River rock is very cheap, thats why the Landscapers dont want it, Iam not sure where you are but i would probably take 2 tons of it, as i need it for a small job iam doing.. Iam more of a Mulch person myself, and it looks good in the right area but not the whole landscape. Hope you have luck getting rid of it.


----------



## DangerMouse

If you put it all in a pile, THEN you'd likely be able to have a landscaper come haul it away. 
It's all about the $$$. 
If THEY have to shovel it all up it's simply not worth it to them to pay hourly wages to employees..... but to just come scoop it up and resell it? 
You might even be able to sell the pile via CL for $100 or so? I'd try that before giving it away.

DM


----------



## nap

if you will deliver it to my house, I will take every last rock you have.

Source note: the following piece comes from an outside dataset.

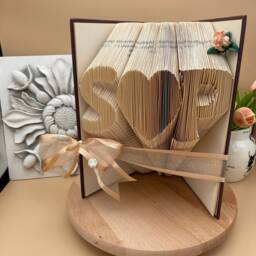 Couples Gift, Origami Paper, Anniversary Gift For Her, Altered Book Art - thumbnail 3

I would suggest the "making a pile" and then advertise it. People hate to work. That's why we hire people to work for us but if it was centrally located in one pile, it is less work to remove it.

Once you have a pile, advertise it as a take it all or nothing thing.

If that doesn't work, as the landscapers if they sell rock like that and you would be willing to give it to them if they let you bring it to them.



or, you could create a market for the rocks. Maybe start selling pet rocks.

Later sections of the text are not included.